On a tangent, I don't mean any offense, but I highly doubt you are getting the same product through ebay or Filene's Basement, etc... even though the brand may be the same. The 15k Oxxford suit in the picture looked a lot better than anything I'd seen on discount. I imagine its similar to the Helmut Lang you can get heavily discounted at Century 21; I've never seen anything resembling the product he sells in his boutiques at such places.
post #32 of 42
I don't believe that suit in the picture was the $15k model (in super 200s cashmere). I have an Oxxford custom that I've bought on ebay, and it looks the same as the one there, it just means it was originally made bespoke for someone. Most Oxxford suits you will find at FB will be the Manhattan II model, which is still $2-3k from Oxxford when it was made several years ago.
post #33 of 42
Sad, really.  I imagine that people who read Forbes and take it seriously are the same type of people who consider Donald Trump classy.
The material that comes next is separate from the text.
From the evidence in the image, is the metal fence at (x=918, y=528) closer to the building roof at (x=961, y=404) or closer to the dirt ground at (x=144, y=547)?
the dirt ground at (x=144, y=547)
I don't understand where that generalization comes from.  A single article with which you disagree?  A little harsh don't you think.  I mean, to toss around the image of Donald Trump like that ... some of us are reading this before dinner. And what's with the almost universal ridicule of the article and accompanying pictures?  I thought it an excellent introduction to a variety of suit-makers.  The starting prices for custom suits were almost all in the $3500-4500 range and rarely topped $12k for the top of the line.  What's out of line about that?  Sure one guy claimed customers who buy 50-60 suits a year, but that's one line of hyperbole.  Here's the comment about Brioni: "The made-to-measure line starts at $3,500, and spikes all the way up to $25,000 for the most precious fabrics, such as the finest vicuna, which are sold only to Brioni's "elite" customers who order every season." Some of the comments here made it seem like an article written by and for idiots who think paying $20,000 for an off the rack suit makes one stylistically elite.  Perhaps I'm alone in actually enjoying that article. Scott
post #34 of 42
scottmag: speaking for myself only, the article struck me as fairly typical of the kind of treatment one finds all too often in high-end "lifestyle" magazines.  There is an emphasis on price and renown over quality; many of the makers treated are not true tailors yet have the sack to charge more than real tailors; deserving, terrific tailors and makers are left out; the pictures are not that helpful.  Also, the authors of these articles too often don't really know much about the field, and it shows. In this instance, some of the info was good.  I was glad to see them include at least one true tailor-atelier (Logsdail) amidst the other primo brand names.  But the photos were not so useful.  Some of the clothing really did look bad, and would be bad at almost any price.  And I just think that those crazy exotic fabrics are not worth the money.  Most of the people I know who truly love clothes will always pick an H. Lesser or Harrison worsted over a Super 180 or vicuna any day.  And, if going bespoke, they prefer a real, stand-alone tailor to a brand name MTM program that charges more. The premise of the article was "expensive suits", not necessarily good suits.  That premise was fulfilled in large measure, and that in a nutshell is my complaint.
post #35 of 42
scottmag: I agree with Manton entirely. And on my general condemnation of Forbes on the basis of this one article: lifestyle articles speak volumes about a magazine's readership. This is not the first time Forbes has published an article about "The most expensive X". It is implicit in these articles that the fact that something is the most expensive example of X is somehow a relevant point. It's crass crap. I have very little respect - okay, I have no respect - for anyone who is impressed by a suit specifically because it cost 20 grand. It's like that apocryphal story about GB Shaw and the woman who would spend the night with him for a million pounds.
post #36 of 42
Agree completely with both Manton and LA Guy. koji
post #37 of 42
The Oxxford's at Filene's Basement are the real deal. They are not in Oxxford's best fabrics to be sure, but most are still in what I presume to be Super 110s English fabrics (I rarely see Oxxfords above Super 110s and 120s, actually, even the ones with Bergdorff, Saks, and Neimans tags in them). Oxxford doesn't make diffusion lines -- simple as that.
post #38 of 42
Agree completely with both Manton and LA Guy.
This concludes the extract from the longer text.